All of a sudden, I’m thrown into a flashback. I’m inside myself five years ago and my chest is still being pulled in and out by the tremendous force of these things.

I.
The blood has been seeping into the fluids that it shouldn’t be a part of. My spit, sweat, urine , and semen possessed by the overpowering stench of blood and their own corresponding odors. Thick and red, it has become some new substance, lubricating everything while at the same time slowing it down.
My lungs have become a difficult organ to control. They use more muscle strength to power than I believe I can supply but the others think that I should pray. They think the demons will be expounded in time.
“Just spit them out,” the old woman told me before. “Let those demons come to the surface. They have no power outside.”
It didn’t bother her that I had been spitting up blood for months or that I could barely breathe at times.
“The demons find the weak ones. They like to make their homes in people like you.”
I didn’t think of myself as weak before this but now my lungs are sore.
I didn’t think about telling her about my semen. I felt ashamed enough while she lectured me on the sins of the body.
“How dare you allow sin into your body?” She accused me, as my mother sat in the chair beside her.
“He lives in sin everyday but he doesn’t want to listen to me,” my mother adds to the discussion.
I can’t spit them all out anymore. The muscles in my lungs no longer obey my commands. They stifle me interrupting phrases both mental and vocal. Words no longer retain their own importance as the thoughts disappear without intent. The focus of controlling the muscles themselves takes precedence over all.
II.
Fully infected my body must now be. I wanted to start a family soon but beginnings are the furthest thing from my mind.
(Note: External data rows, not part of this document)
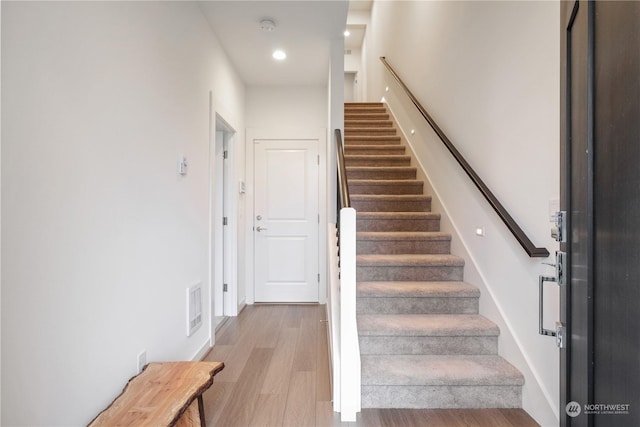 stairs featuring hardwood / wood-style flooring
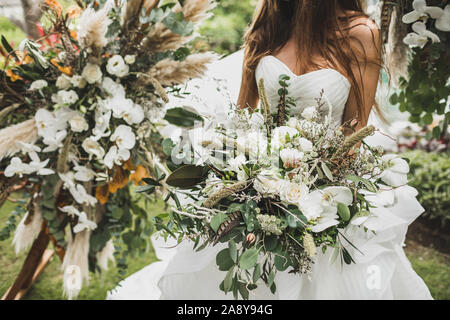 Woman Holding in den Händen große Hochzeit Blumenstrauß in Boho Style. Getrocknete Blumen, weiße Rosen und Orchideen, Vogelfedern im Dekor. Floristische Konzept. Stockfoto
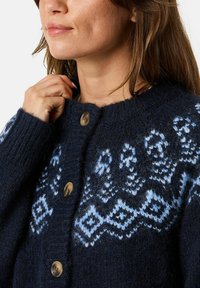 Marineblauwe gebreide cardigan met lichtblauwe geometrische patronen, ronde halslijn en vijf grote beige knopen aan de voorkant, gemaakt van textuurachtig wol.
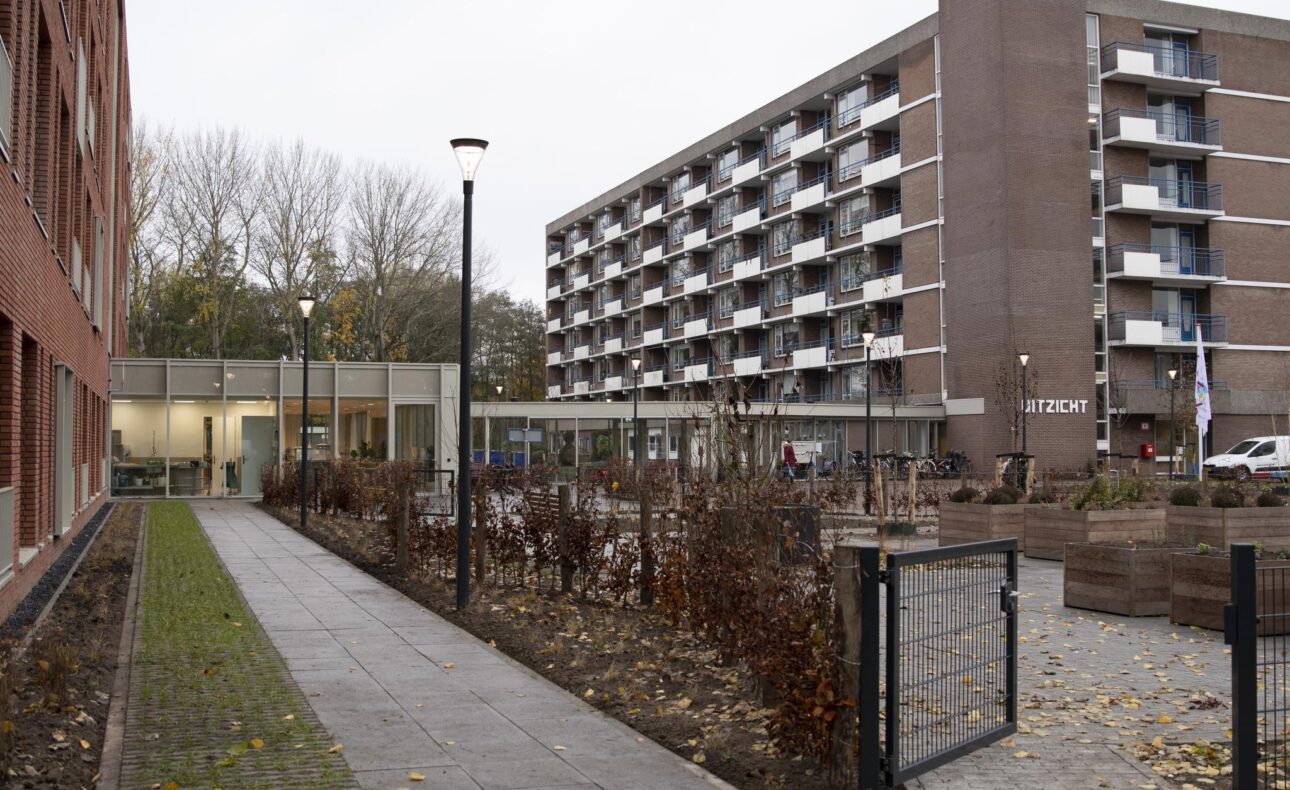 Afbeelding van een modern appartementencomplex met meerdere verdiepingen, omgeven door een tuin en een betegeld pad op een bewolkte dag.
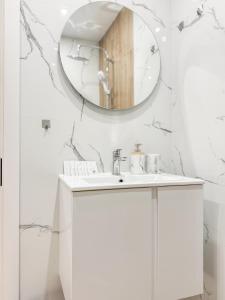 a bathroom with a white sink and a mirror at Skyline Serenity Modern Apartment with Terrace by Flat Manаger in Plovdiv
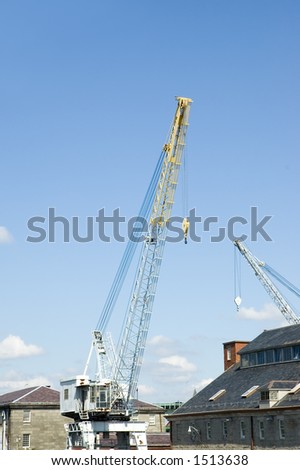 Industrial cranes  half yellow and half white for boat on Boston harbor, Massachusetts
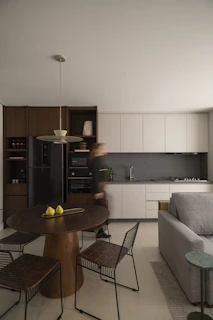 Modern kitchen and dining area with person walking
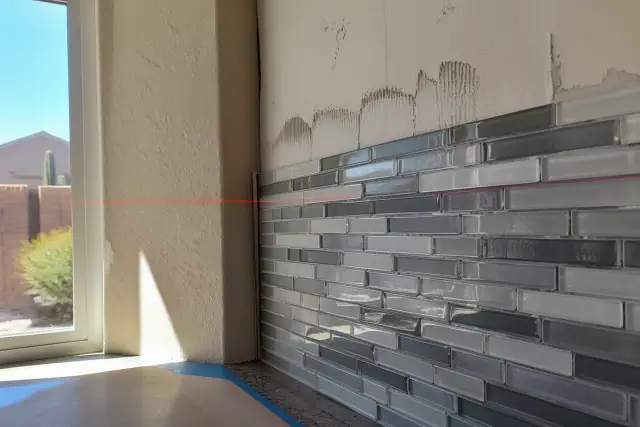 A red laser level beam across a partially installed glass and mosaic tile kitchen backsplash in Phoenix, AZ.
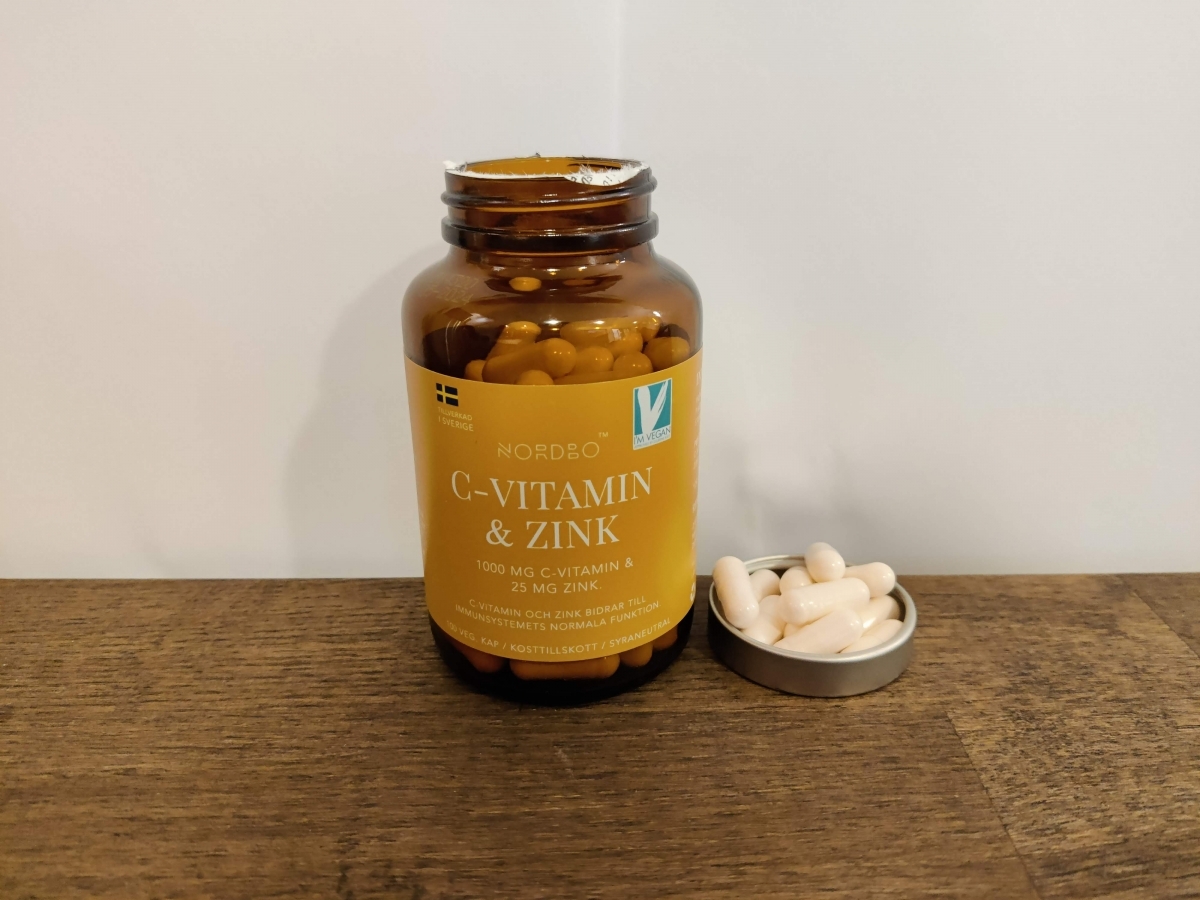Nordbo C‑vitamin & Zink på träbord i dagsljus med kapslar bredvid, taget av oss under testet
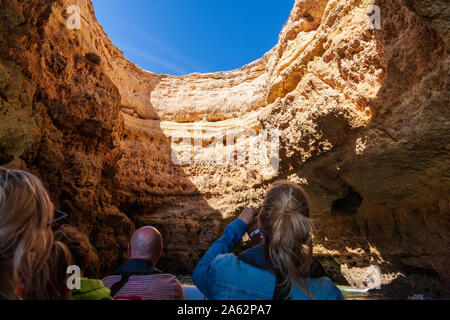 tourists enjoying boat tour of sea caves on algarve coast portugal Stock Photo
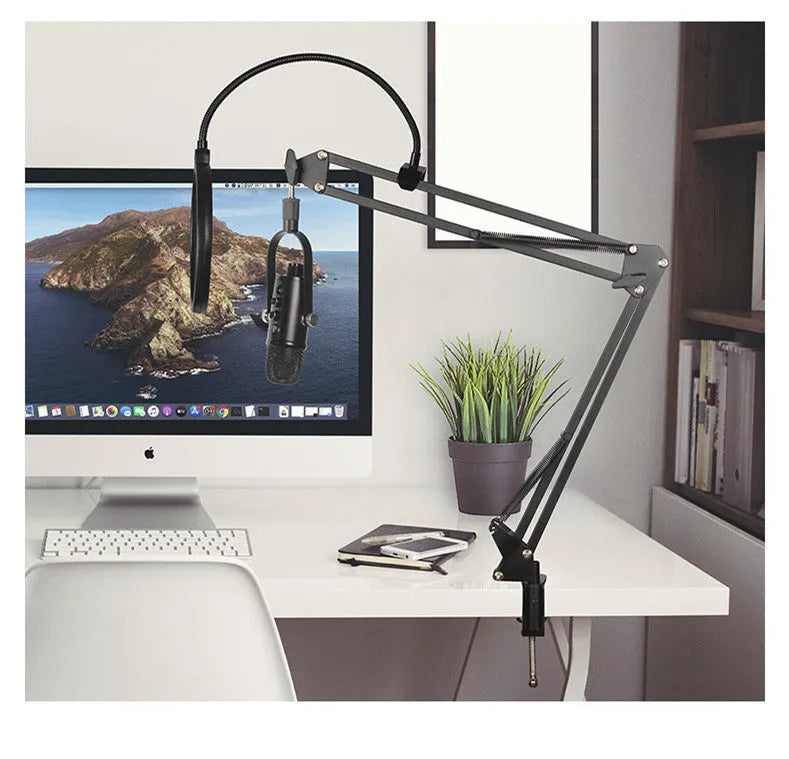 Black USB condenser microphone on metal stand with sponge cover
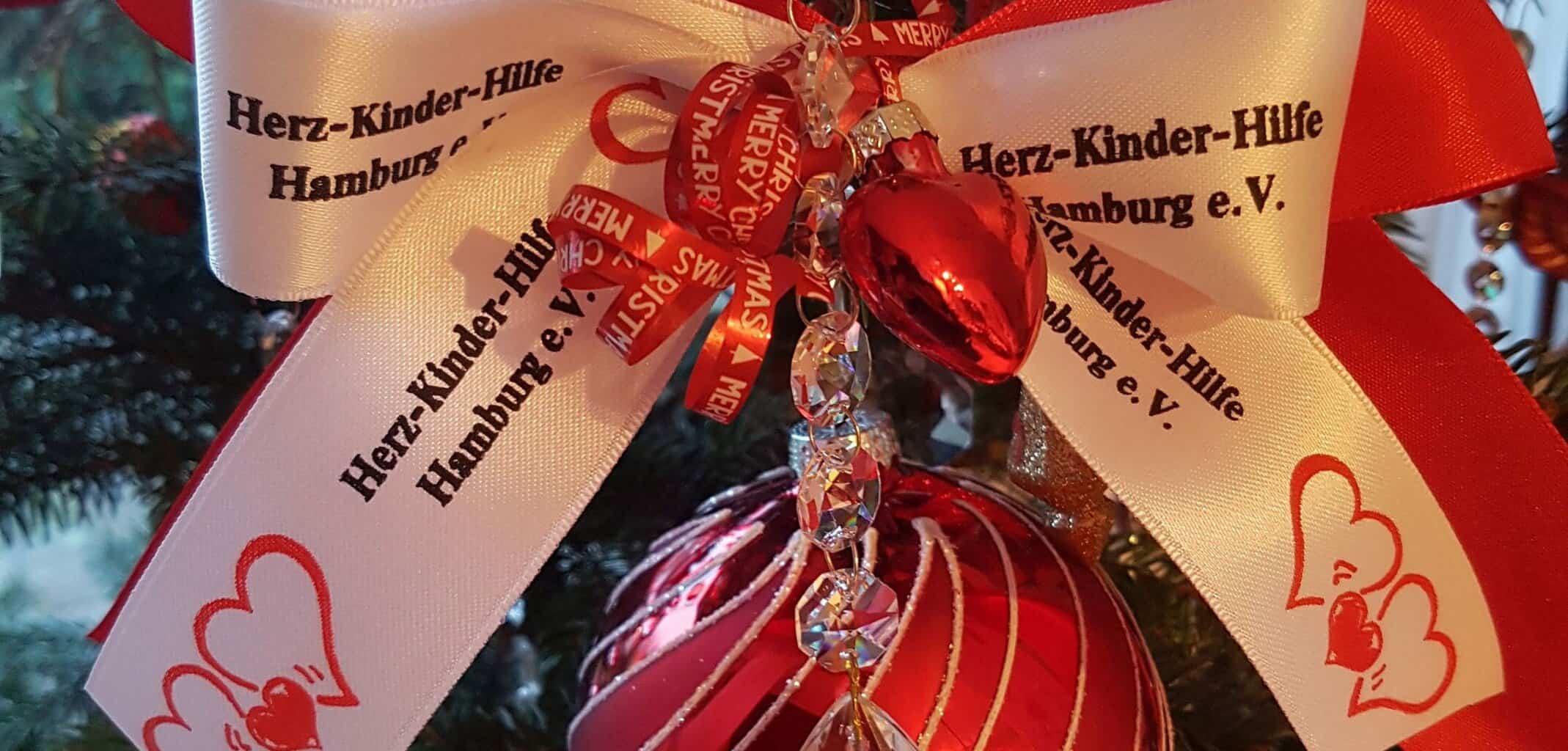 Rote Weihnachtsbaumkugel mit Schleife "Herz-Kinder-Hilfe"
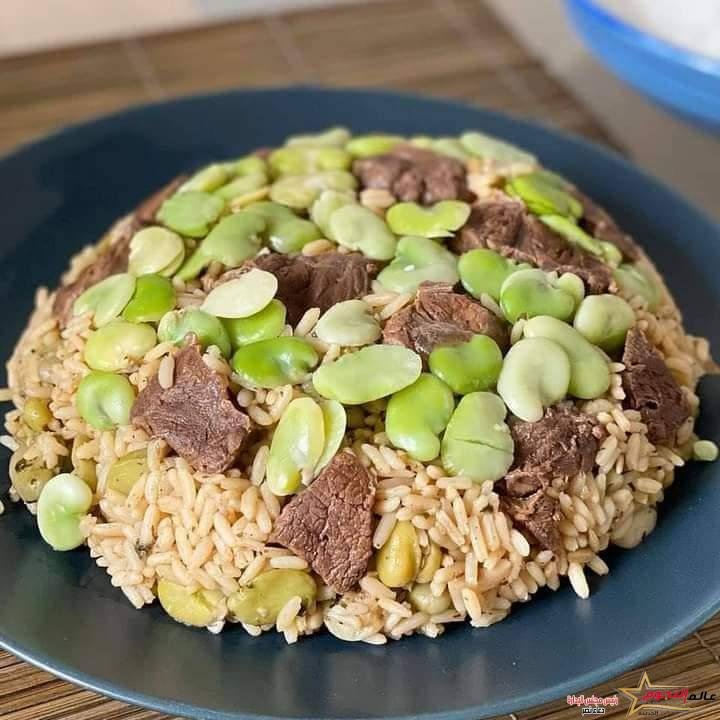 أرز بالفول واللحم (الكزبرية ) ... مقدم من: مطبخ عالم النجوم 2 أرز بالفول واللحم (الكزبرية ) ... مقدم من: مطبخ عالم النجوم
I think about my death more and more. I begin to wonder if the blood will seep out of my eyes and ears. I release all thoughts for a moment of bliss and for a second I consider the bright side of death. I soap up and forget all the blood inside. I forget all the blood coming out. The streams of bloody semen spiral down the shower drain.
III.
The strange sensation that the body doesn’t function, that I can’t control the systems I desperately need at times. A machine with lubricant running itself under its own control, this machine is ridding itself of me. My limbs will soon not be my own. Will they function without me?

IV.
My chest still aches, the breaths become shallower and shallower. I still find the strength to clench the muscles in my abdomen, forcing the demons out through the lungs, esophagus, and mouth. The strength to live slowly exhausts itself.
Flashbacks fade. Laying, propped up against a wall for most of the night. I feel a fist around my chest. Is it around my lung? Or is it my heart? The pressure comes and goes releasing blood into every other organ. I wonder which didn’t expect to receive blood.